TASK TO COMPLETE: Please write out exactly the lines of the data below from the line holding "a table with a tray" through the line holding "May include: A square", and leave out the rest.

BEGIN MATERIAL FOR THIS EXERCISE

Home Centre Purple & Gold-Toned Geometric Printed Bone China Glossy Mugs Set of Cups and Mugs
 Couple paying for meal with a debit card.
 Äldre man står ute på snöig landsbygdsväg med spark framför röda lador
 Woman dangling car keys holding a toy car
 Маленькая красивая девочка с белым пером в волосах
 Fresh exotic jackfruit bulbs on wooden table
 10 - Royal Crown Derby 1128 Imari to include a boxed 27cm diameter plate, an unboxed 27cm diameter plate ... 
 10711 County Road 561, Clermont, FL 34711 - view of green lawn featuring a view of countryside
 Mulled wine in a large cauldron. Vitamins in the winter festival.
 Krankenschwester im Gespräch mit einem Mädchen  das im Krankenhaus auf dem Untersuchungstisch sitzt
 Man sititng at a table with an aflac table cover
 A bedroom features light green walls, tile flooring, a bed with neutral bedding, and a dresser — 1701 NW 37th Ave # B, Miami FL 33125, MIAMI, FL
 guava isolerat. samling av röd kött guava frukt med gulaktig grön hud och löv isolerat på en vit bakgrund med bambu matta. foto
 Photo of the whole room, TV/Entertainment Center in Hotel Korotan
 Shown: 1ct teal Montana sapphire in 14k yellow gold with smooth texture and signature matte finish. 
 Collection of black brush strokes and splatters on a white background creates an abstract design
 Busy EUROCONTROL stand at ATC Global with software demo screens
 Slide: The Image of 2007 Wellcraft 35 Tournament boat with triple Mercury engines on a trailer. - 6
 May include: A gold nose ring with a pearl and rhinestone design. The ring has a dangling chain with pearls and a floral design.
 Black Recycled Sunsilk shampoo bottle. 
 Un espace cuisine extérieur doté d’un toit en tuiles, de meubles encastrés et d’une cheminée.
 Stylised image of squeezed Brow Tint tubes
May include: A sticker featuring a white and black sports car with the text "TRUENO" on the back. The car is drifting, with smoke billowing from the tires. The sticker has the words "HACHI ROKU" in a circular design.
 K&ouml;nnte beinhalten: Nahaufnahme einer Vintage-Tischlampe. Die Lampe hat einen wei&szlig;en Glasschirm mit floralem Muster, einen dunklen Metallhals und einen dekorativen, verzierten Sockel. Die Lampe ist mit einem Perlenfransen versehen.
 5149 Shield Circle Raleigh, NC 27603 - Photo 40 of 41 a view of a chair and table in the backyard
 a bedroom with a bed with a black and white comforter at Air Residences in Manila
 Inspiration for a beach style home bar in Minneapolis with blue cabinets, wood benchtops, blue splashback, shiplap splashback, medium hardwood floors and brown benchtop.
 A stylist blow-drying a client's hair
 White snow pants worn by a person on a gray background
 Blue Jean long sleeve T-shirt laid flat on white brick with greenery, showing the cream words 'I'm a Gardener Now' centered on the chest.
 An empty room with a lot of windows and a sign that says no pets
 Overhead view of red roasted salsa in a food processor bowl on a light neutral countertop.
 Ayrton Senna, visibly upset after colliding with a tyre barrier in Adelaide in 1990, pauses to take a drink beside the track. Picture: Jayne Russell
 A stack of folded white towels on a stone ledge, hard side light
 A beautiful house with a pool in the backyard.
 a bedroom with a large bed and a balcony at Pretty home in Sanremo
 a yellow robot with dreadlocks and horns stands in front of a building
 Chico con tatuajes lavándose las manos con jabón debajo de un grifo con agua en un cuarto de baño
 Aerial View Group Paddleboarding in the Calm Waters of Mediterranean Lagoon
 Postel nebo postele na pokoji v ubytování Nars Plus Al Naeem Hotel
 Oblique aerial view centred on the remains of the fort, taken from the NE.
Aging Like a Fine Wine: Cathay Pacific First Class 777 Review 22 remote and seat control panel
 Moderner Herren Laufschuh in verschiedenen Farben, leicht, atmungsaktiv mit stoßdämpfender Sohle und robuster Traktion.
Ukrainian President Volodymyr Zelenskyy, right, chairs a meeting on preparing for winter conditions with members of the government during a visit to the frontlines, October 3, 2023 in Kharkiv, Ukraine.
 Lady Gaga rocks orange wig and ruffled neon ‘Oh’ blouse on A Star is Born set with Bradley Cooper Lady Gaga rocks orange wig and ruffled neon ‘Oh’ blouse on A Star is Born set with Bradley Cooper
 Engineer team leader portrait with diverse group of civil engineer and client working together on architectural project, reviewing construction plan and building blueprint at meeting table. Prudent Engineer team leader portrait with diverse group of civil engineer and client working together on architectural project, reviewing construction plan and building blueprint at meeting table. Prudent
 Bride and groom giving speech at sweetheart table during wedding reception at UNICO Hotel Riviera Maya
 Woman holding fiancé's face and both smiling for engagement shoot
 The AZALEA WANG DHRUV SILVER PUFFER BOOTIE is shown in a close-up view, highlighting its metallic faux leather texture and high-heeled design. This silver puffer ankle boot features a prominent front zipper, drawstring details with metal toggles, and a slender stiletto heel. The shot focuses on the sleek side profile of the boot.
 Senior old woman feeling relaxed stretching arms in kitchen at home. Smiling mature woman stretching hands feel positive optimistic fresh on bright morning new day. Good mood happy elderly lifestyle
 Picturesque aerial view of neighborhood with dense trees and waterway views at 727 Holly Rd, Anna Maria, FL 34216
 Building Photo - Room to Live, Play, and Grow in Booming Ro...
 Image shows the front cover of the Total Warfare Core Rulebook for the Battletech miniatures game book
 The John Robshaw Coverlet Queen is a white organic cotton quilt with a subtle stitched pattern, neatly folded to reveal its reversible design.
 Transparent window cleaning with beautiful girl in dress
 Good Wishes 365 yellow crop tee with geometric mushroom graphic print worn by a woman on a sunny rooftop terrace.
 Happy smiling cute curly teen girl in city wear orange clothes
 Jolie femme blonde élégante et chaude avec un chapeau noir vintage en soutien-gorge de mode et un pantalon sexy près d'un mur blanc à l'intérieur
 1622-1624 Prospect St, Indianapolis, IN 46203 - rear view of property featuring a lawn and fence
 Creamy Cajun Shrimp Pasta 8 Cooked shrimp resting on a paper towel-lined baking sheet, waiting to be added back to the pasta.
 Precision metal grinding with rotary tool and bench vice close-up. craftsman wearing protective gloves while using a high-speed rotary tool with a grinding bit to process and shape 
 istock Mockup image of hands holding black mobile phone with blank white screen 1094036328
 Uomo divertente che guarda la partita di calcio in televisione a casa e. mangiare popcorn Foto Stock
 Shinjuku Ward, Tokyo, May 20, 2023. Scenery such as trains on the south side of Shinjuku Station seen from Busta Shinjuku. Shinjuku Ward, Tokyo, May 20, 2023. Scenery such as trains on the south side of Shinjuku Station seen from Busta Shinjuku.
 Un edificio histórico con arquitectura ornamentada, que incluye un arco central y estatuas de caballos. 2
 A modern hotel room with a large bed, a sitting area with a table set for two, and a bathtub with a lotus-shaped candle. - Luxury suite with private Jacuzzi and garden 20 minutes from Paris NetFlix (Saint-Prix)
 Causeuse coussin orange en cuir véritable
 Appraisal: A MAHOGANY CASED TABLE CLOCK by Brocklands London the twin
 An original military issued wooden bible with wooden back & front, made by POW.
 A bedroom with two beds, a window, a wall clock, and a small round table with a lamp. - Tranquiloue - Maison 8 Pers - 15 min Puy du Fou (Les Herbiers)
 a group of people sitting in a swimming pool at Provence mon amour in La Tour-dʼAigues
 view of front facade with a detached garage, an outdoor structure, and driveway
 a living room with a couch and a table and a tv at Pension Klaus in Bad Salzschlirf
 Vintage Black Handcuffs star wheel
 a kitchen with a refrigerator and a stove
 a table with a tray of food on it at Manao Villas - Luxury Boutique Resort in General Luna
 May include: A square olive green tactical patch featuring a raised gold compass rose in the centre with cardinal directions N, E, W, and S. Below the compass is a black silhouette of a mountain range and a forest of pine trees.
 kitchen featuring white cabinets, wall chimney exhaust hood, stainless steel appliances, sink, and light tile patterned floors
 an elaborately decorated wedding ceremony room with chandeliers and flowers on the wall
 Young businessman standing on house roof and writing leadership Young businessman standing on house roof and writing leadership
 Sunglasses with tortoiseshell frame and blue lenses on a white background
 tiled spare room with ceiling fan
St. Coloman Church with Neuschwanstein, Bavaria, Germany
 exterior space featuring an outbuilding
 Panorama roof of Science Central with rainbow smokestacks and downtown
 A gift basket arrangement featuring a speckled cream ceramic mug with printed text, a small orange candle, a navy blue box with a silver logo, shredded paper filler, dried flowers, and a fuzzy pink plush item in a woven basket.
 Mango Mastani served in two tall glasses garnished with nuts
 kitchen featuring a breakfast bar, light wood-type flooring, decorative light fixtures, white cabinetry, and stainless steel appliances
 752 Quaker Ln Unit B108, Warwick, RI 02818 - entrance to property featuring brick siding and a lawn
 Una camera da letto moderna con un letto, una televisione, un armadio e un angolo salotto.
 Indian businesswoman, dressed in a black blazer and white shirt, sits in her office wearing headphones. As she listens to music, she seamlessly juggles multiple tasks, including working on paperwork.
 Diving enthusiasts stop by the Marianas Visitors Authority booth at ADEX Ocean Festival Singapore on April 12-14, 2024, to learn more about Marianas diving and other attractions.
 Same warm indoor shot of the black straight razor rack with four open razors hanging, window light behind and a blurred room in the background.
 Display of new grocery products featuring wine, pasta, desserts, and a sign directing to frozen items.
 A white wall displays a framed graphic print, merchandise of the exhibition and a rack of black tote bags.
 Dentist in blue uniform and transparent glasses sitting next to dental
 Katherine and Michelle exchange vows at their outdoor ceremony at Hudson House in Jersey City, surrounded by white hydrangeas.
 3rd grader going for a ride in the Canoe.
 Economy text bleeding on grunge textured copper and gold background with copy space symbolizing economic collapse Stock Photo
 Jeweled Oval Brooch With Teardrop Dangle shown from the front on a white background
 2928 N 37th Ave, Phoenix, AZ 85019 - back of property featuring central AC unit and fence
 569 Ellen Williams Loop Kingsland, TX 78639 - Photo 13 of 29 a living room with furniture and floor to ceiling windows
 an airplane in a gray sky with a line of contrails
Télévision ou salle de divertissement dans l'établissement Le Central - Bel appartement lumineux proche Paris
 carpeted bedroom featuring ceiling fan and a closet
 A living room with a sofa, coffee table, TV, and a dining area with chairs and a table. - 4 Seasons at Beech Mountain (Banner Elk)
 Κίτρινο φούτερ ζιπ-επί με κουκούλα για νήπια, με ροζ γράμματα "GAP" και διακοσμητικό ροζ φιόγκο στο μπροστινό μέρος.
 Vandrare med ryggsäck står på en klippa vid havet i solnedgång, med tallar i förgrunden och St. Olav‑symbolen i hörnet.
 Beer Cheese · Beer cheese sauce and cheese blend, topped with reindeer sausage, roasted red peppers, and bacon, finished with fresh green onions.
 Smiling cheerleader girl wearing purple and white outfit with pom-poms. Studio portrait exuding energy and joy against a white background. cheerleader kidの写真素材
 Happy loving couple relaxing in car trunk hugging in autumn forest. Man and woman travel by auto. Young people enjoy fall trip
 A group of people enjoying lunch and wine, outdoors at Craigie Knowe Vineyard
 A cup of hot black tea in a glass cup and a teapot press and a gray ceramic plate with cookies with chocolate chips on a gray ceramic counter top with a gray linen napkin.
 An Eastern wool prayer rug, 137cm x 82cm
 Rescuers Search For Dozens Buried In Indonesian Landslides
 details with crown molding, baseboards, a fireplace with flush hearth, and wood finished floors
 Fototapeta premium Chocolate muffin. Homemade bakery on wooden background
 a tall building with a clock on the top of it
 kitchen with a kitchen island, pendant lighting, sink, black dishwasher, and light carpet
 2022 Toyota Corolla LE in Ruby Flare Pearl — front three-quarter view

END MATERIAL FOR THIS EXERCISE

SOLUTION TO THE PROBLEM:
 a table with a tray of food on it at Manao Villas - Luxury Boutique Resort in General Luna
 May include: A square olive green tactical patch featuring a raised gold compass rose in the centre with cardinal directions N, E, W, and S. Below the compass is a black silhouette of a mountain range and a forest of pine trees.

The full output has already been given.